First, try to determine if the (healthy) bacteria in yogurt is "live" bacteria. Look on the label for words like "live cultures" or "active cultures." It may or may not carry the National Yogurt Association's "Live & Active Cultures" seal, which requires a yearly fee for the producer. Because live cultures decline over time, eat your yogurt soon after purchasing it to get the most live cultures possible.
Why do you need good bacteria in your body? It provides benefits by adjusting the natural balance of organisms in your intestines or by acting directly on your digestion or immune function.
It's a win-win for those of you who are lactose intolerant: you should have less diarrhea, gas or other symptoms when you eat yogurt. The cultures in yogurt can help by changing milk's naturally occurring sugar, called lactose, into lactic acid.
How can you decide which yogurts are best? To keep yogurt healthy, make sure it doesn't contain a lot of saturated fat, added sugars or possibly unsafe sweeteners.
High-fructose corn syrup and other forms of sugar can double yogurt's sugar content. Those fruit-on-the-bottom varieties? The "fruit" is often fruit-juice concentrates, not real fruit. And all those added toppings—mini M&Ms, for instance—may make yogurt taste better to you, but they can add up to soaring sugar content, without any added nutrition.
Keep in mind that there are naturally occurring sugars in yogurt's milk and fruit (that is, if it's real fruit), and the Nutrition Facts label does not tell consumers how much sugar in the product comes from naturally occurring sugars versus the added sugars, which can account for up to 12 grams of sugar. Confusing, I know.

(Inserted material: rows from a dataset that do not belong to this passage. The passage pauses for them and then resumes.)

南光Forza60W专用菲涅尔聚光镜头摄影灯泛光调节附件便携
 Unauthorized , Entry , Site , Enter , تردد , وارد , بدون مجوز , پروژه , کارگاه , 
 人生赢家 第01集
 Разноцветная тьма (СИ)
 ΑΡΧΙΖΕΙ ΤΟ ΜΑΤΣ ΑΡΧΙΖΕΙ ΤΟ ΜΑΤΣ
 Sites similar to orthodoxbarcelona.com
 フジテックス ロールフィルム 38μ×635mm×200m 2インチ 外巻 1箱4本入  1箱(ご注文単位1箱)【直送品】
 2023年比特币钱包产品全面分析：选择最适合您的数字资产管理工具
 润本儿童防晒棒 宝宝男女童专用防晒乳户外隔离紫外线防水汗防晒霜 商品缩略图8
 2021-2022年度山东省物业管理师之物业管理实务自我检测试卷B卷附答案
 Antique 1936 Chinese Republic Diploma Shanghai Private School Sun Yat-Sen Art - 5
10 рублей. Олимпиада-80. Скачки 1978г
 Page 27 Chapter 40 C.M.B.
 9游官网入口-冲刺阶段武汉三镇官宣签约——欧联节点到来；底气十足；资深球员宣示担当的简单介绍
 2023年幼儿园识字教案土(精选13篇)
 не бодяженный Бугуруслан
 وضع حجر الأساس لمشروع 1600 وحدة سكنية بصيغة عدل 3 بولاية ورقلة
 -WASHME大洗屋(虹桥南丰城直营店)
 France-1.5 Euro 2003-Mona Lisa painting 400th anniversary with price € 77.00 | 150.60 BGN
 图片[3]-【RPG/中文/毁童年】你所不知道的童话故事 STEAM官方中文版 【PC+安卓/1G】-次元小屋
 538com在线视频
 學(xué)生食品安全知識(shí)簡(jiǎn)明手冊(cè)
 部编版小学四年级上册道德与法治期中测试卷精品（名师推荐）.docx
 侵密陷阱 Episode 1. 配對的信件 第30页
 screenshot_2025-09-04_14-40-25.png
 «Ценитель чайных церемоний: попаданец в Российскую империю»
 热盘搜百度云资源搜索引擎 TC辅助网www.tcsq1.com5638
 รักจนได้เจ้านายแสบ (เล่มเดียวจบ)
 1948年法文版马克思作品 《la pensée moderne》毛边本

Some yogurts offer added vitamin D, which is a tough (but valuable) vitamin to get without exposing your body to the sun's rays or taking vitamin D supplements. Very few foods contain natural vitamin D. It is present in the flesh of fatty fish (such as salmon, tuna and mackerel) and fish liver oils, as well as smaller quantities in beef liver, cheese and egg yolks.
If you need vitamin D from yogurt to help you reach your daily target—which is 600 IU for adults up to age 70 and 800 IU for people over 70 (note that the recommendations vary)—you should check the label. Vitamin D is listed as a percent of the daily value (400 IU). For instance, a yogurt with 20 percent of the daily value will contain 80 IU.